:: Study material

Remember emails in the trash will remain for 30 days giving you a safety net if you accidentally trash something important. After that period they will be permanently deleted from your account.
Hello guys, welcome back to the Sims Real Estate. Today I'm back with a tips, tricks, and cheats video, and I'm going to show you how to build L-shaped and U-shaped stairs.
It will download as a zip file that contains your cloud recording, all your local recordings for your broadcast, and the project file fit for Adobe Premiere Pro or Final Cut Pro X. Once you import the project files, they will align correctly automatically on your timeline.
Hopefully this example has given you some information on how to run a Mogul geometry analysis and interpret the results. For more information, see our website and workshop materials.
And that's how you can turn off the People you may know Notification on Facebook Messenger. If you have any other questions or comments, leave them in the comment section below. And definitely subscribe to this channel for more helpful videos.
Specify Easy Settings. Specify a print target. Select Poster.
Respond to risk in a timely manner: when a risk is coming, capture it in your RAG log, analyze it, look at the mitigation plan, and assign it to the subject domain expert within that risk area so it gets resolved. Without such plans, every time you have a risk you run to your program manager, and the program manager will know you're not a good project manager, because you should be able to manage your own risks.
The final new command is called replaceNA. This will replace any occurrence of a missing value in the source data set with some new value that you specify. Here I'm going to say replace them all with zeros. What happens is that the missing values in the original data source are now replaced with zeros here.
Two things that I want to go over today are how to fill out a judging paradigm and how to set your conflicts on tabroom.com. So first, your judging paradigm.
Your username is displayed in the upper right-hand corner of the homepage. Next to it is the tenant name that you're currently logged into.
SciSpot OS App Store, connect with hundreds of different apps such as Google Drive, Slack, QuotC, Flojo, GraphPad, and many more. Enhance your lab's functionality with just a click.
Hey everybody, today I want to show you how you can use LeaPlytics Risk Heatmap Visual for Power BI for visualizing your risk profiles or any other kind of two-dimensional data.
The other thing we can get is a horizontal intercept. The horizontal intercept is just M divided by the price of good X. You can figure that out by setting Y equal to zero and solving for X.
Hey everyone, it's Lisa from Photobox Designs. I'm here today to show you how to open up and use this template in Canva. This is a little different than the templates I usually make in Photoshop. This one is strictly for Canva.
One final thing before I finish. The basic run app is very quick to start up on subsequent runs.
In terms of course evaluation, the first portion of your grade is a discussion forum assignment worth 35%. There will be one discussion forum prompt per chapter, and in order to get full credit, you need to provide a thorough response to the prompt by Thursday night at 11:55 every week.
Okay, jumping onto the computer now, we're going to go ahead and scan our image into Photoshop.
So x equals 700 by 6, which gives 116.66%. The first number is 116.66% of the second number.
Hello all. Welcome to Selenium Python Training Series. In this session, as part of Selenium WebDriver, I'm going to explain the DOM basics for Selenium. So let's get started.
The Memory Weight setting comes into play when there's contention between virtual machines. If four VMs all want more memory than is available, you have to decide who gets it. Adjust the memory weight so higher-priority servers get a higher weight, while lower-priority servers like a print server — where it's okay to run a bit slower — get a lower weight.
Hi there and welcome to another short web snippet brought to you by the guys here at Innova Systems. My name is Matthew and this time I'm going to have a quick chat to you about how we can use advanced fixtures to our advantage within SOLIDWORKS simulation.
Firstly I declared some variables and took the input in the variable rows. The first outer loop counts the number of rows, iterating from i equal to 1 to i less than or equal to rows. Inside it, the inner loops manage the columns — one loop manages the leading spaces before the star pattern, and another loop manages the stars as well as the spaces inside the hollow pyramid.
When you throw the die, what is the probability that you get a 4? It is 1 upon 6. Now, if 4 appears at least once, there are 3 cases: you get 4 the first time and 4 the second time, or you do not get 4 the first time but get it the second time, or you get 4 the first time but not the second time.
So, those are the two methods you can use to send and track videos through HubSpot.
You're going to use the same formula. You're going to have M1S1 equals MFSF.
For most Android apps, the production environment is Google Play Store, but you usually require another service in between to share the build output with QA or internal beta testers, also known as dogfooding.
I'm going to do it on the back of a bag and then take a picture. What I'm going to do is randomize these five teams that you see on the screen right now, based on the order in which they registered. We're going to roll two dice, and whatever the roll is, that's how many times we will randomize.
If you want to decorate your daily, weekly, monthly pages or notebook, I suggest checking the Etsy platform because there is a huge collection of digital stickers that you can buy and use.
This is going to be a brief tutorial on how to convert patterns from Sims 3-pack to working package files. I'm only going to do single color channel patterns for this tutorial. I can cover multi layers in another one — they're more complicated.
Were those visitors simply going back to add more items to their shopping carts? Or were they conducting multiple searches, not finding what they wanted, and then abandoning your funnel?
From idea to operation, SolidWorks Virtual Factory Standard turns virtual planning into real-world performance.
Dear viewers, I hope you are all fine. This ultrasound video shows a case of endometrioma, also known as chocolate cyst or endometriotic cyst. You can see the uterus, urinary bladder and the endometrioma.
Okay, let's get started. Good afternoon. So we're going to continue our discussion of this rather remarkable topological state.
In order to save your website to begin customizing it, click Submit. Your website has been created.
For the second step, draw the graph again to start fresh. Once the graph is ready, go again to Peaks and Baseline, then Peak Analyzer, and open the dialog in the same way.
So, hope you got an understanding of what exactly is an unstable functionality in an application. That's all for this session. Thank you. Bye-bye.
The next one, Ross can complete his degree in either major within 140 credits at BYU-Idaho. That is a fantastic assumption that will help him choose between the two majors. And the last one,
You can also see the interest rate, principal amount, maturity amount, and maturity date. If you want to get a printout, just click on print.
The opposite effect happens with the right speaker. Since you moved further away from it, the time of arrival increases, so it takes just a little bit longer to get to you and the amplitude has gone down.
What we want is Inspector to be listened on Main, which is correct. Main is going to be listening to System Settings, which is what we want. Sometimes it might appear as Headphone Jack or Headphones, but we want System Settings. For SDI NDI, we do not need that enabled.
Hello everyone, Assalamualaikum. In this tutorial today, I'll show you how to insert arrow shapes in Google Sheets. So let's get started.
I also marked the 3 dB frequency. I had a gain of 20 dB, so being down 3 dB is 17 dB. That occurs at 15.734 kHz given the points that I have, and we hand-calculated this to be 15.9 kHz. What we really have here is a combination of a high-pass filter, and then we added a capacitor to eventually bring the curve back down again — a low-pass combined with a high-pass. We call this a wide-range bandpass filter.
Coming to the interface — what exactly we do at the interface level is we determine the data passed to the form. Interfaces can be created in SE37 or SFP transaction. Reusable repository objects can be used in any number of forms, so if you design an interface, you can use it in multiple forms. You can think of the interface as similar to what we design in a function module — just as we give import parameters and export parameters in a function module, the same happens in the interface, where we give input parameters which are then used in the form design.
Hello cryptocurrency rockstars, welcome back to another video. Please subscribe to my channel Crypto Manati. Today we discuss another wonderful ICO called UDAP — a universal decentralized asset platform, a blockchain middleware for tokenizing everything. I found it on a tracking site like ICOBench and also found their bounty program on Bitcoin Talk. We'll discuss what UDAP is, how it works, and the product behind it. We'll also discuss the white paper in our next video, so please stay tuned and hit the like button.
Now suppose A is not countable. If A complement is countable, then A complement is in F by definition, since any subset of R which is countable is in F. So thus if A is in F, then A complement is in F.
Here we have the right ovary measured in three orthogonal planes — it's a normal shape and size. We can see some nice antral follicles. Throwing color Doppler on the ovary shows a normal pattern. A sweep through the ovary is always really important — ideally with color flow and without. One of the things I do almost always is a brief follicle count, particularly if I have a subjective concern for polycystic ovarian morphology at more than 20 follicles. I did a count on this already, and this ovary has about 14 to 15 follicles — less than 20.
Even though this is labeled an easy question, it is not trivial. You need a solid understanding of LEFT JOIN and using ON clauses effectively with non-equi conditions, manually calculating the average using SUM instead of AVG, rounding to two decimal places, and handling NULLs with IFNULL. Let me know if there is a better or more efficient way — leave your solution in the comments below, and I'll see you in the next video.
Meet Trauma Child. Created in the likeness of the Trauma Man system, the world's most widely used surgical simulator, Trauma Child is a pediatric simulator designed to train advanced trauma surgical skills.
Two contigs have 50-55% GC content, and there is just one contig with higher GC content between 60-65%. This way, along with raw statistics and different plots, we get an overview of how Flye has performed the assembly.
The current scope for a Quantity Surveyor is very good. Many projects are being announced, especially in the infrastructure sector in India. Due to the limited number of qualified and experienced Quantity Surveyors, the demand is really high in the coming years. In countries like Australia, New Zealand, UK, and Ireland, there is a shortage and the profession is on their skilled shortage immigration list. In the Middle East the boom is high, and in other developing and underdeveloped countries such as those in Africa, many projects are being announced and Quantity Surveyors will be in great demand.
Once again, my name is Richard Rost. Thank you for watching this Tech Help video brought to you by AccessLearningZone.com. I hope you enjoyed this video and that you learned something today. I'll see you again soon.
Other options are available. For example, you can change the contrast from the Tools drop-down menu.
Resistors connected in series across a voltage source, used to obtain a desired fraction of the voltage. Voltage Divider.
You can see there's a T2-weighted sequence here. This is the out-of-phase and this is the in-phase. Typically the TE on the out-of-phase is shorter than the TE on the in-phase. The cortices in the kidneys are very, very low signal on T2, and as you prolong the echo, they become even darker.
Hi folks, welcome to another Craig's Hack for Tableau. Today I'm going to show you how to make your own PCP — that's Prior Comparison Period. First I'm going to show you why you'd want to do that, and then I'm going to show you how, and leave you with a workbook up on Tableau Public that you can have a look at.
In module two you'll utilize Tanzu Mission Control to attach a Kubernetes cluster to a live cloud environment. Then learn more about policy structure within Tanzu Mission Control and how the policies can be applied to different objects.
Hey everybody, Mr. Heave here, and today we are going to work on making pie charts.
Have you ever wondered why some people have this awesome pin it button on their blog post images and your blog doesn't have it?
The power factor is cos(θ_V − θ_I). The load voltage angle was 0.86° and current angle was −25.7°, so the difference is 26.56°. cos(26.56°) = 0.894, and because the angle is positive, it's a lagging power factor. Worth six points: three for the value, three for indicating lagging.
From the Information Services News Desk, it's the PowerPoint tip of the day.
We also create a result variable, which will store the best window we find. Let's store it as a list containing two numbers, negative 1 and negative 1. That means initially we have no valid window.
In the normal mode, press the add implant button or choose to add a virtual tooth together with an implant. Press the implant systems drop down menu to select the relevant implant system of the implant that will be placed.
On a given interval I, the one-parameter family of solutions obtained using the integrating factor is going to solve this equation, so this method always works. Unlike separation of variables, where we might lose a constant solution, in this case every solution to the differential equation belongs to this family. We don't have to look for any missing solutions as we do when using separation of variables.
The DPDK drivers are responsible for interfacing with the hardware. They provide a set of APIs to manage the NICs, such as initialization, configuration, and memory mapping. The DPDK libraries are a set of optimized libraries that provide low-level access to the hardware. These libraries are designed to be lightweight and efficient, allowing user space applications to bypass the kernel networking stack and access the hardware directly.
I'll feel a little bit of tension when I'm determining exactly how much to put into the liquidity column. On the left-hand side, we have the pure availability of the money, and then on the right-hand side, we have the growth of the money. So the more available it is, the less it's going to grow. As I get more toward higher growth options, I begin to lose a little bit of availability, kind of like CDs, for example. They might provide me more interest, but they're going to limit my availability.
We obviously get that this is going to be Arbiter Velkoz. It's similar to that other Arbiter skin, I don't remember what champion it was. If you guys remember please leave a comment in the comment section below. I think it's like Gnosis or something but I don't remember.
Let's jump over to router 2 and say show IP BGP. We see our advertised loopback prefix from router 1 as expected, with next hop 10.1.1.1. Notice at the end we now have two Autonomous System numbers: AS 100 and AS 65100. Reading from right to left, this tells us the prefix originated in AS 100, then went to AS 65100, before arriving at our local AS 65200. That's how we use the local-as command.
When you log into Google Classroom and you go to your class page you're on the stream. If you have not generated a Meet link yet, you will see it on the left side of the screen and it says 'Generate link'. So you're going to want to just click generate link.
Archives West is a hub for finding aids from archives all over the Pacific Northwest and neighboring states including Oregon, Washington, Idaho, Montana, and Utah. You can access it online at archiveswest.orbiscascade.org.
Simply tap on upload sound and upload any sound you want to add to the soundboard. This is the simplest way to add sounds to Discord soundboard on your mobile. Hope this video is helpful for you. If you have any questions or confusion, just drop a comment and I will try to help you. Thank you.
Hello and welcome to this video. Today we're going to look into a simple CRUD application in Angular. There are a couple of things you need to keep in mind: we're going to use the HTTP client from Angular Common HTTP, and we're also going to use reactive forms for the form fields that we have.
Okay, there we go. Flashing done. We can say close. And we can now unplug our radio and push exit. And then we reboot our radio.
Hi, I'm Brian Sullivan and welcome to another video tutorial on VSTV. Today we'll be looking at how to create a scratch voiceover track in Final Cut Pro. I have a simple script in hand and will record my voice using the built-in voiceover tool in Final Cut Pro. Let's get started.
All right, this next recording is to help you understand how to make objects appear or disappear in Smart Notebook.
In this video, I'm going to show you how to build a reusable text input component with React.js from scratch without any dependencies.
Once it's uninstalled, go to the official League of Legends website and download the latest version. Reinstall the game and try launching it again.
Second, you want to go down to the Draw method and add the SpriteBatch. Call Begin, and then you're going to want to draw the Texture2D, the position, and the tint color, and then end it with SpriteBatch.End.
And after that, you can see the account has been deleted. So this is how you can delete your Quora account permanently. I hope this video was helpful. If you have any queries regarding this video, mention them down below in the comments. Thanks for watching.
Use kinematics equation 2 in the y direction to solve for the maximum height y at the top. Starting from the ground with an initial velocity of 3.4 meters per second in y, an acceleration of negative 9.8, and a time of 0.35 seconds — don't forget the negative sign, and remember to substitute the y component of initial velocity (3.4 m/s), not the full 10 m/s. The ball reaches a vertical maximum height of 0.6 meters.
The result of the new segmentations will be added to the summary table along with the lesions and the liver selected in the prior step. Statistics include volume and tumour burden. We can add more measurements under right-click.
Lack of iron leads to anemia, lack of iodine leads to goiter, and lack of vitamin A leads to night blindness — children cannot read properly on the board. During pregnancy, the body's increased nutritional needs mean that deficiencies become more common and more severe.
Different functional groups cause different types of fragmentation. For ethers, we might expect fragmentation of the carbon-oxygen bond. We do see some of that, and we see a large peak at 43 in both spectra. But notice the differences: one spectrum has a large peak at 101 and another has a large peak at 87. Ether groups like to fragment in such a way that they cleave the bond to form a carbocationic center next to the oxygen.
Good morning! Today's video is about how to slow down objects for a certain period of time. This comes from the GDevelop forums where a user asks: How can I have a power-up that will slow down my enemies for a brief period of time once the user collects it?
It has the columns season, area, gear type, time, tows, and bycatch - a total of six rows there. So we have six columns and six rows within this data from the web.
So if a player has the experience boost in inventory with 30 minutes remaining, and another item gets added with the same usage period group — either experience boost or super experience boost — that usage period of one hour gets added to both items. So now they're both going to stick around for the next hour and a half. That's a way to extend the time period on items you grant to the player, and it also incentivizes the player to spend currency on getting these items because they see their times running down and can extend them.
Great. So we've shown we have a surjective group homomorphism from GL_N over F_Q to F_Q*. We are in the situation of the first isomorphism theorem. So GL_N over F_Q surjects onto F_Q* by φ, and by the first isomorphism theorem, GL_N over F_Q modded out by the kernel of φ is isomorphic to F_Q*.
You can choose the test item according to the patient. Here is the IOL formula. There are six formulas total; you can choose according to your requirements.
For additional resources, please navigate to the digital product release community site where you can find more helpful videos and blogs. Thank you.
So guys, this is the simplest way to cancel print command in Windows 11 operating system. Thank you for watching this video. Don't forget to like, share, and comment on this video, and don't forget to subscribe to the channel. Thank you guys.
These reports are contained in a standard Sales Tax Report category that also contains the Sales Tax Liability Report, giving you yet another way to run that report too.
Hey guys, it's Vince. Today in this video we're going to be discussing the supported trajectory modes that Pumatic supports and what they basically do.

::::

_Task to complete:_ Reproduce the lines above, beginning at the line with "Hey everybody, today" and stopping after the line with "One final thing", exactly as they are.

_Problem solution:_
Hey everybody, today I want to show you how you can use LeaPlytics Risk Heatmap Visual for Power BI for visualizing your risk profiles or any other kind of two-dimensional data.
The other thing we can get is a horizontal intercept. The horizontal intercept is just M divided by the price of good X. You can figure that out by setting Y equal to zero and solving for X.
Hey everyone, it's Lisa from Photobox Designs. I'm here today to show you how to open up and use this template in Canva. This is a little different than the templates I usually make in Photoshop. This one is strictly for Canva.
One final thing before I finish. The basic run app is very quick to start up on subsequent runs.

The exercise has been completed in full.